**Exercise objective**
In the data below, repeat the line containing "Photo of property" and every following line exactly, up to and including the last line. Exclude pictures.

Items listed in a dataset
....................
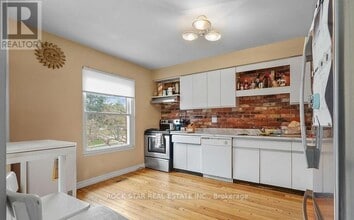 Building Photo - 70 Upper Canada Dr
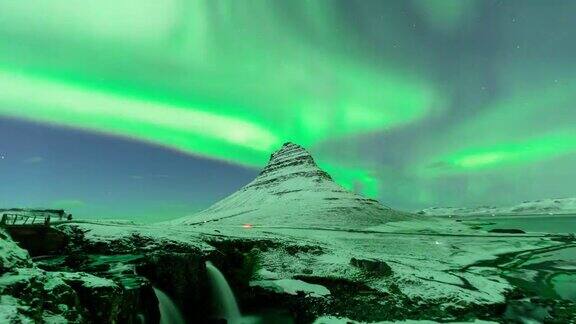 冰岛kirkjuis的北极光的时间间隔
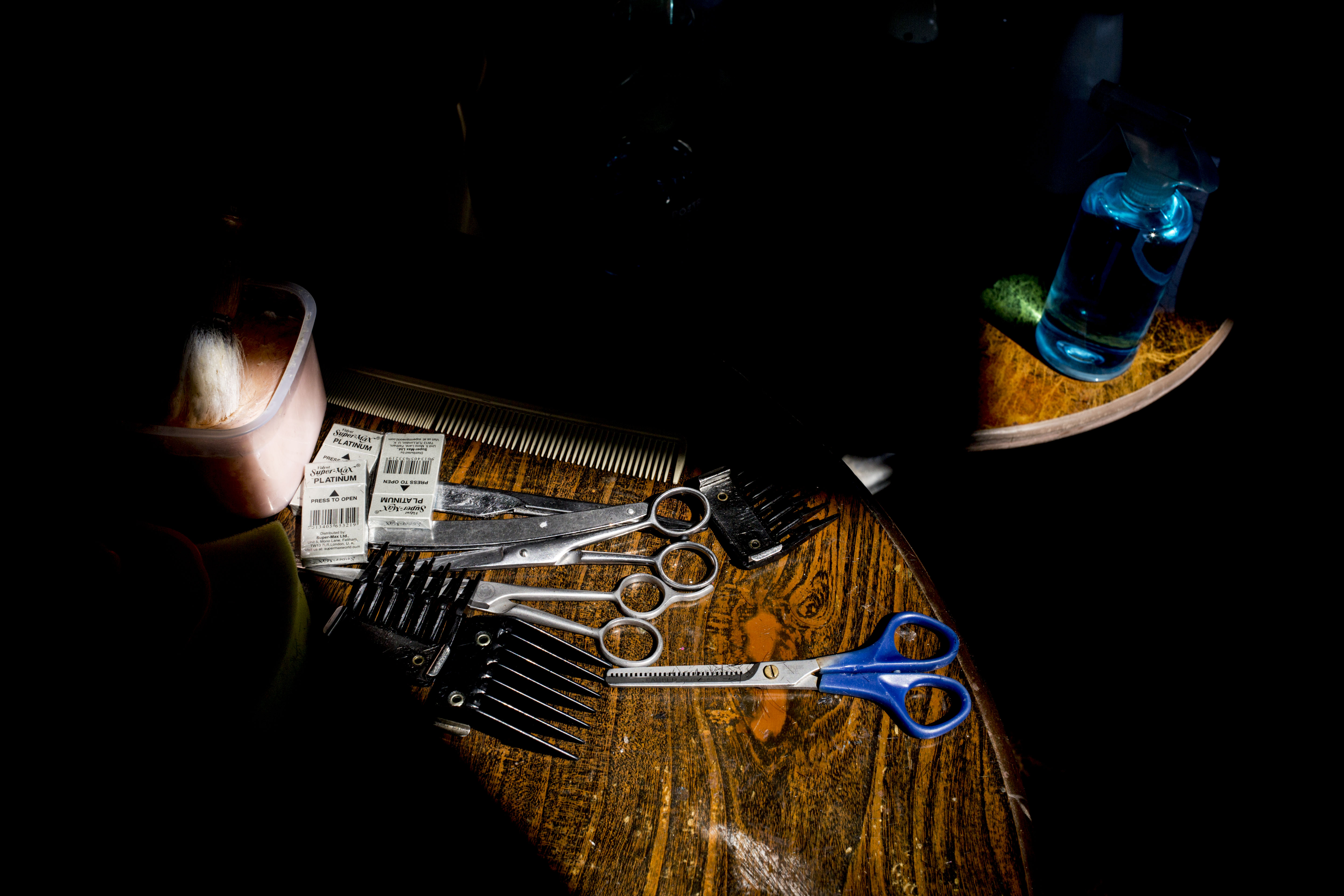 Foto: Potong Rambut di Tengah Covid-19, Seperti Ini Potret Uniknya - Foto Katadata.co.id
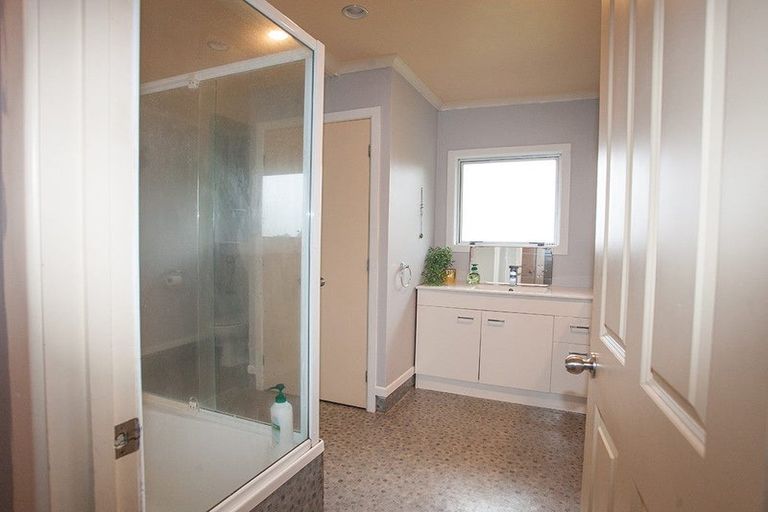 Photo of property in 21 Mace Street, Waitara, 4320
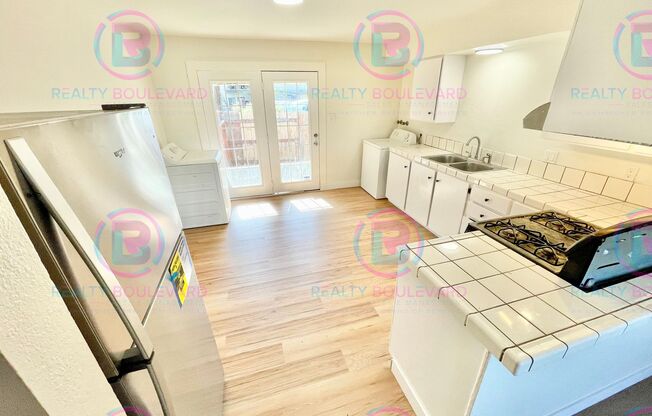 Charming 2-Bedroom Home with Amenities and Outdoor Retreats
....................
**Exercise result**
 Photo of property in 21 Mace Street, Waitara, 4320
 Charming 2-Bedroom Home with Amenities and Outdoor Retreats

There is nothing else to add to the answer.